Cette révolution numérique a déclenché une ère de création de la connaissance sans précédent dans l’histoire de l’humanité, permettant à chaque individu de créer et échanger des contenus de tout types, générant ainsi des masses d’informations considérables que les services de renseignement se sont mis en tête d’appréhender pour étayer leurs analyses. Si cette constante massification des données complexifie la donne, elle a ouvert en parallèle de nombreuses perspectives favorisant le développement de nouvelles disciplines et méthodes pour optimiser les analyses, prônant une agrégation de plus en plus orientée multi-sources et favorisant une plus grande transversalité inter-services.

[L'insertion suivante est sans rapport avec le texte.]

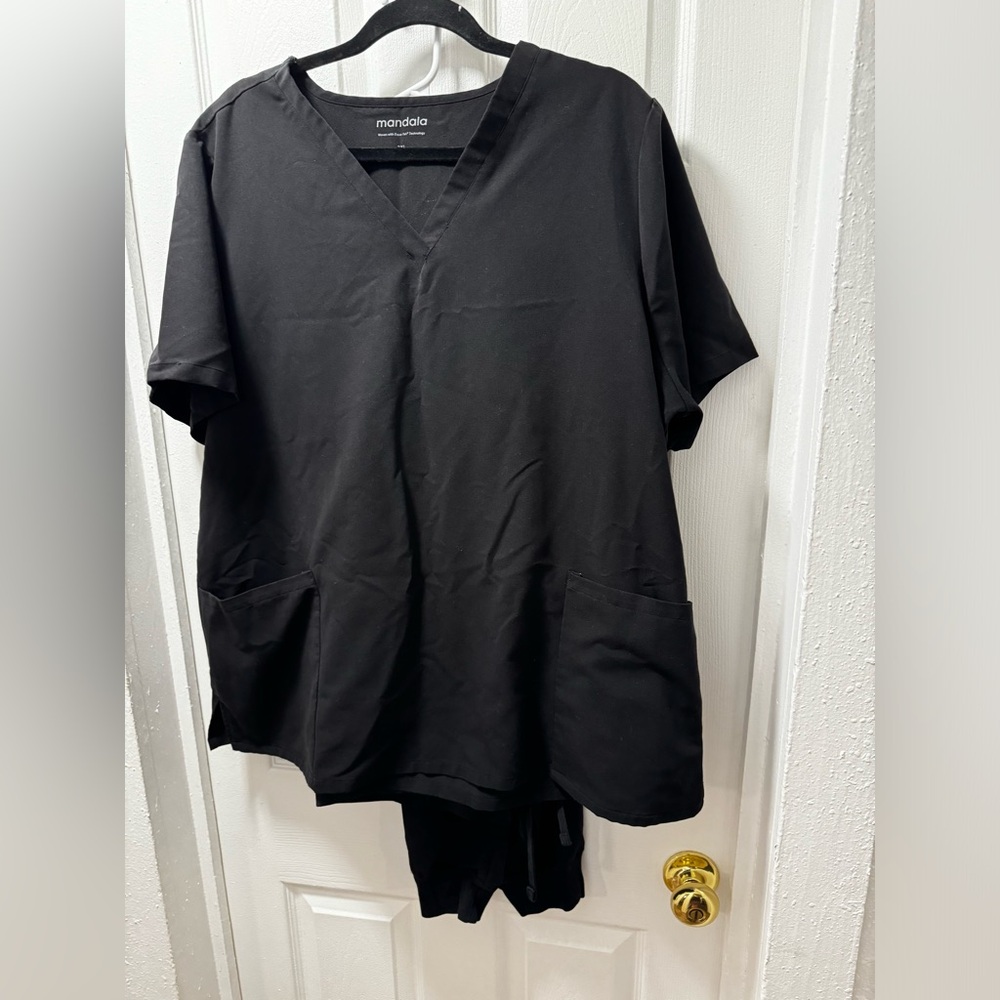 Mandala Scrubs (2XL)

Le concept de l’information dominance, qui domine la pensée américaine du renseignement au milieu des années 90 va permettre à des disciplines telles que le Geospatial Intelligence (GEOINT) de se structurer au sein d’une agence éponyme (la NGA) et de rappeler au monde que la géographie reste un moyen privilégié pour accéder à cette supériorité informationnelle tant recherchée, confortant ainsi cette dernière dans son indéniable rôle de synthèse, et permettant de revoir le concept au prisme de la Geospatial Dominance. Si cet aspect à aujourd’hui bien été pris en compte par la communauté du renseignement, la principale difficulté réside dans la capacité des infrastructures à intégrer des masses de données variées et toujours plus conséquentes ainsi que de faire évoluer leurs compétences et outils pour appréhender plus efficacement ces nouveaux changements.

Un nouveau paradigme

L’ère de la « data » qui a émergée avec l’essor d’Internet a ouvert de nouvelles opportunités, permettant à la fois à la communauté du renseignement de capter une profusion de données grâce aux nouvelles technologies numériques, comme d’adapter leurs processus de production du renseignement pour répondre à des besoins toujours plus variés et bien souvent, dans des temps de plus en plus contraints pour suivre le tempo des opérations.

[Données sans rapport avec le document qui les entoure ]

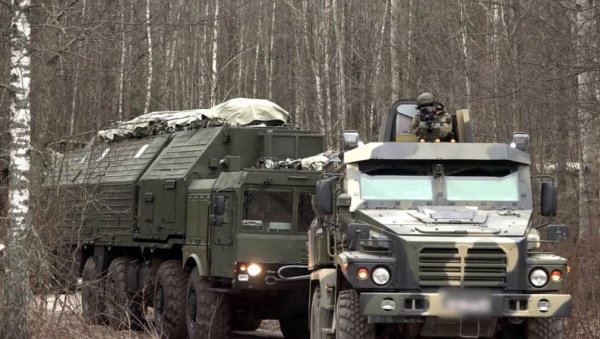 РАТНО ВАЗДУХОПЛОВСТВО УПОЗОРАВА: Русија би данас могла да лансира орешник на Украјину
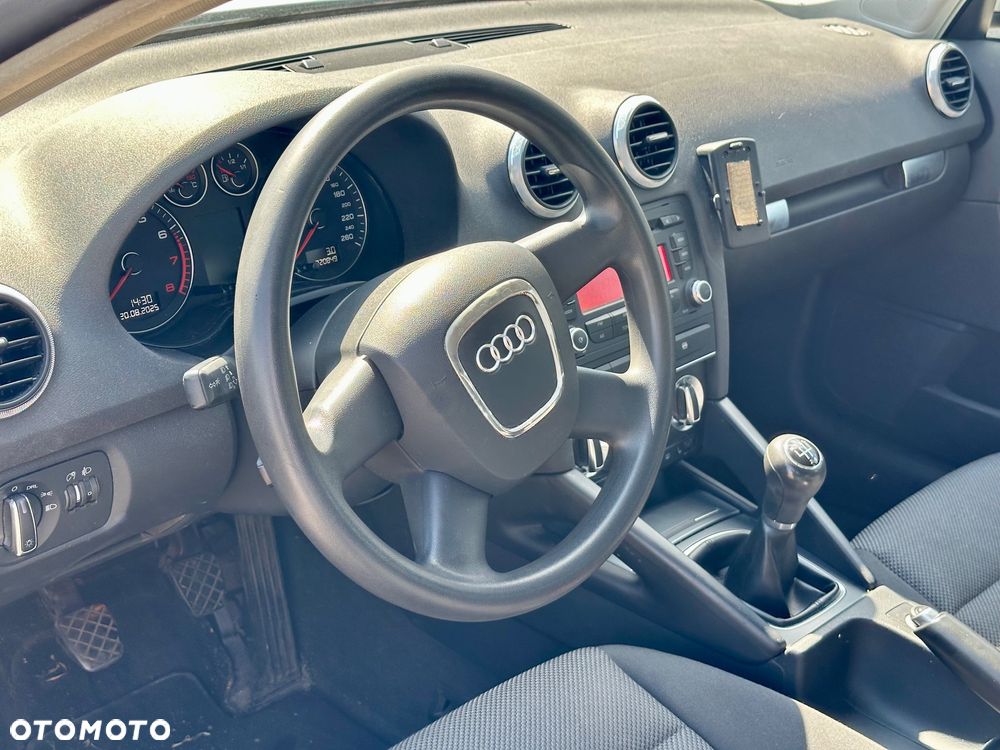 Audi A3 ver-1-6-ambition - 10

Car sur le plan tactique le temps est à l’action, l’engagement des Etats-Unis dans les conflits Afghan (2001) et Irakien (2003) va permettre le déploiement de moyens sans commune mesure pour capter ces nouvelles autoroutes de l’information. Des agences comme la National Security Agency (NSA) vont par exemple mettre sur écoute des pays entiers (programme MYSTIC), accéder aux innombrables contenus hébergés par les géants du web (programme PRISM) et mettre en vol une véritable armada de drones ayant la capacité de capter des flux vidéo en temps réel, et avec pour certains, la capacité de collecter des signaux GSM en vol. Ce soudain accroissement du volume d’informations collectés au quotidien a accru la pression sur les agences de renseignement pour transformer les bits de données en « actionnable intelligence » (comprendre renseignement à fin d’action) et soutenir la guerre contre le terrorisme.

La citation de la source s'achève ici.